■ Data entries:
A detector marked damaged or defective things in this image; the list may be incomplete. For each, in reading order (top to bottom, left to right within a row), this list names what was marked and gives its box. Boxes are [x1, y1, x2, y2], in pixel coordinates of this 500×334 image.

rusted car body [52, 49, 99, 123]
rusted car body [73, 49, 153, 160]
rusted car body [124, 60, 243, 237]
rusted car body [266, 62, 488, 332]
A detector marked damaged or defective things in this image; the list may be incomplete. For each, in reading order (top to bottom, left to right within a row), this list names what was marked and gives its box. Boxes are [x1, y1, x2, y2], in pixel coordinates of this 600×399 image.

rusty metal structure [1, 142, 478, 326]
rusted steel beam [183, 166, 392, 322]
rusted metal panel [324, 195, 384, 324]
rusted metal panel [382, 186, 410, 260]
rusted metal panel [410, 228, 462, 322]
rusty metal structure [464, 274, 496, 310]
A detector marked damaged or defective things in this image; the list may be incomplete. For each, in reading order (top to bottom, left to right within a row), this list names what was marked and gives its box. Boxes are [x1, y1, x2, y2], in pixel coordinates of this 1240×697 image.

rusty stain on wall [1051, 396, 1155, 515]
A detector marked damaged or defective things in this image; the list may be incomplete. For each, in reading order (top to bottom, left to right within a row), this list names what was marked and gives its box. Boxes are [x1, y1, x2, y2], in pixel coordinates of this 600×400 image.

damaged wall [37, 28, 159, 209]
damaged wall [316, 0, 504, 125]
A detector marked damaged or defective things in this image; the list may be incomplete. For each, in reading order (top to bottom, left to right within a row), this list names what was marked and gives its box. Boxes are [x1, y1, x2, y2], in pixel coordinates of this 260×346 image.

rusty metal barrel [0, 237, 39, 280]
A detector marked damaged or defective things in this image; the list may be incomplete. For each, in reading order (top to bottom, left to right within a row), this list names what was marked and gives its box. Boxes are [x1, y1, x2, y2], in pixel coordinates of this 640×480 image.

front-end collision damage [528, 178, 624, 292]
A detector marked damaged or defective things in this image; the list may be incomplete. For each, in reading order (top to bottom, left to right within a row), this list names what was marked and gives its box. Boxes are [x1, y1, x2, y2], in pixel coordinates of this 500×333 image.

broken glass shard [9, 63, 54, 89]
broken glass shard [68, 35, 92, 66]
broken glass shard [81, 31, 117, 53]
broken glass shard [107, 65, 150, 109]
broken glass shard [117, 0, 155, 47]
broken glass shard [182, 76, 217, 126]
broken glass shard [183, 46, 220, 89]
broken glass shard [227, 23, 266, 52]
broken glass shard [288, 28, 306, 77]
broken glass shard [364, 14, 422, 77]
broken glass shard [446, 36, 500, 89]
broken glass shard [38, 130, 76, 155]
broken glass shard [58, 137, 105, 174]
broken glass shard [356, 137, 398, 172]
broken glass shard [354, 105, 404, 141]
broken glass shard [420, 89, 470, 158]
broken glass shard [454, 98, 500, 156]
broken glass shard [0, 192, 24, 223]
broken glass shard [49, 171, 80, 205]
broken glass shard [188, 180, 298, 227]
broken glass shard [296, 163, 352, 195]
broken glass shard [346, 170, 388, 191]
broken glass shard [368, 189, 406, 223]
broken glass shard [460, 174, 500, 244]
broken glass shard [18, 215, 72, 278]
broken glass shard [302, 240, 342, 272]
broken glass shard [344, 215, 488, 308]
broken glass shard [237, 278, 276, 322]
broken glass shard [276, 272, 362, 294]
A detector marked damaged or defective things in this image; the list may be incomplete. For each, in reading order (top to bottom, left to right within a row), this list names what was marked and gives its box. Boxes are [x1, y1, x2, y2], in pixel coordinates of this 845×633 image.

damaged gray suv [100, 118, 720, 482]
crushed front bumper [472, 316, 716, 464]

■ INSTRUCTIONS TO FOLLOW:
Return exactly the lines in the records above, beginning with the one that holds "this 845×633 image." and ending with the last.

■ RESPONSE AREA:
A detector marked damaged or defective things in this image; the list may be incomplete. For each, in reading order (top to bottom, left to right within a row), this list names what was marked and gives its box. Boxes are [x1, y1, x2, y2], in pixel coordinates of this 845×633 image.

damaged gray suv [100, 118, 720, 482]
crushed front bumper [472, 316, 716, 464]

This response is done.